La nouvelle méthode de travail proposée par le ministre impose une flexibilité pour le personnel (jusqu’à 9 types d’horaires !). "Avec ça, la vie de famille, c’est fini. On revient 100 ans en arrière !" La rationalisation modifie aussi le régime de détention, rendant plus difficiles encore les rares activités derrière les barreaux de Forest. "Comment voulez-vous qu’on respecte le régime de détention tout en assurant la sécurité des détenus, du personnel et de la société ? On fait ce qu’on peut ! Mais il n’y a pas de moyens, pas de locaux, pas de matériel."
Alors, "la prison, c’est clairement du temps perdu", assène-t-il. D’autant qu’il y a un gros problème d’éducation chez les détenus : la plupart ne connaissent pas les règles de base de la vie en société : la politesse, le respect, se lever le matin, dire merci… "Ils passent trois ans, dix ans ou plus à dormir ou regarder la télévision. Et on veut qu’ils ressortent meilleurs ?"

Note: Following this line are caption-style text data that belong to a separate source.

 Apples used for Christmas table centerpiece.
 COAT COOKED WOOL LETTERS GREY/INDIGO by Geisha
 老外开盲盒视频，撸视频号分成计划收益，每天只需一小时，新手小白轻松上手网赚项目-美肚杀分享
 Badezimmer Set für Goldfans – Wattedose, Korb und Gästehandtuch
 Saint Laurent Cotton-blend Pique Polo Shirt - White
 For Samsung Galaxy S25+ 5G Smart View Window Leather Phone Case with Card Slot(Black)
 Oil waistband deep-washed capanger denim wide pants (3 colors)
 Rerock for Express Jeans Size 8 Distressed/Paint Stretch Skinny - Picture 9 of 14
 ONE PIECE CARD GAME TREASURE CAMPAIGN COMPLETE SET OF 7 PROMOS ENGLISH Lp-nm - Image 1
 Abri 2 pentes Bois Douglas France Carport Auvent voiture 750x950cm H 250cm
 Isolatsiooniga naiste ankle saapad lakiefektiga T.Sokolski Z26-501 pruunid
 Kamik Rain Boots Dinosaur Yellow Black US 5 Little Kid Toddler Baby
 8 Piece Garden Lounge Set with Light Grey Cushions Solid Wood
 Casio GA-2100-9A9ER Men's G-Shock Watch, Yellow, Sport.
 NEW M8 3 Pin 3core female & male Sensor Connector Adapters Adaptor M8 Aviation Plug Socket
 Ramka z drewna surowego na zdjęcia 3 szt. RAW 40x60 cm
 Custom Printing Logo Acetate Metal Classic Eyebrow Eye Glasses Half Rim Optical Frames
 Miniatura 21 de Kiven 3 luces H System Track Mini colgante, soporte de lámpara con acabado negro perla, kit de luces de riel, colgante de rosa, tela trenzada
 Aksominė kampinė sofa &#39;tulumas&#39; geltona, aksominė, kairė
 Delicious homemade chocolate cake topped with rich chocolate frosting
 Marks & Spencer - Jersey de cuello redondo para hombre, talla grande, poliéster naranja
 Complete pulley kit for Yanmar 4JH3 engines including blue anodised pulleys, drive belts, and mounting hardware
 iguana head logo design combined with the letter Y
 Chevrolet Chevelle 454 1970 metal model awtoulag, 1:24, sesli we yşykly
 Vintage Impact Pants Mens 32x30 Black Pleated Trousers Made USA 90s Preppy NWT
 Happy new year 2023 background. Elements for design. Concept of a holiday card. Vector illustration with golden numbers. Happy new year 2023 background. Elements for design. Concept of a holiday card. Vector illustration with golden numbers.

Il n’y a pas davantage de suivi sur le long terme. "Il y a cinq assistants sociaux à Forest où il y a eu jusqu’à 600 détenus. Ça fait 120 détenus à gérer pour une seule personne ! C’est juste impossible."
Les gardiens ne peuvent plus faire leur travail, dénonce-t-il. "Mon objectif, par rapport aux détenus, c’est de ne plus les revoir. Mais on n’a plus le temps de parler. Avant, on arrivait à éviter qu’une situation s’envenime, on arrivait à résoudre des problèmes avant un passage à l’acte. On n’a plus cette possibilité."
"Je n’ai pas touché un euro…"
Un coût. "Je ne suis pas un ouvre-porte. Je refuse de laisser se dégrader le métier." Geoffrey ira jusqu’au bout de la grève. "Aussi loin que possible en tout cas , corrige-t-il .J’ai des économies : je puise dedans." Personnellement, ça lui en coûte. "J’en suis à mon 36e jour de grève", explique-t-il. A la fin du mois, le SPF Finances comptabilise les jours de grève et les déduit du salaire. "Je ne toucherai donc rien."
Indemnité. Les grévistes peuvent recevoir une indemnité de grève des syndicats. "Le taux est de 30 euros par jour. Ça ne compense pas et de toute façon, on ne reçoit rien avant que le mouvement soit terminé. Je ne sais pas si on les verra un jour…" Lui ne réclamera rien à son ex-syndicat, le SLFP, qui a approuvé lundi le protocole d’accord du ministre Geens. "Je me suis désaffilié."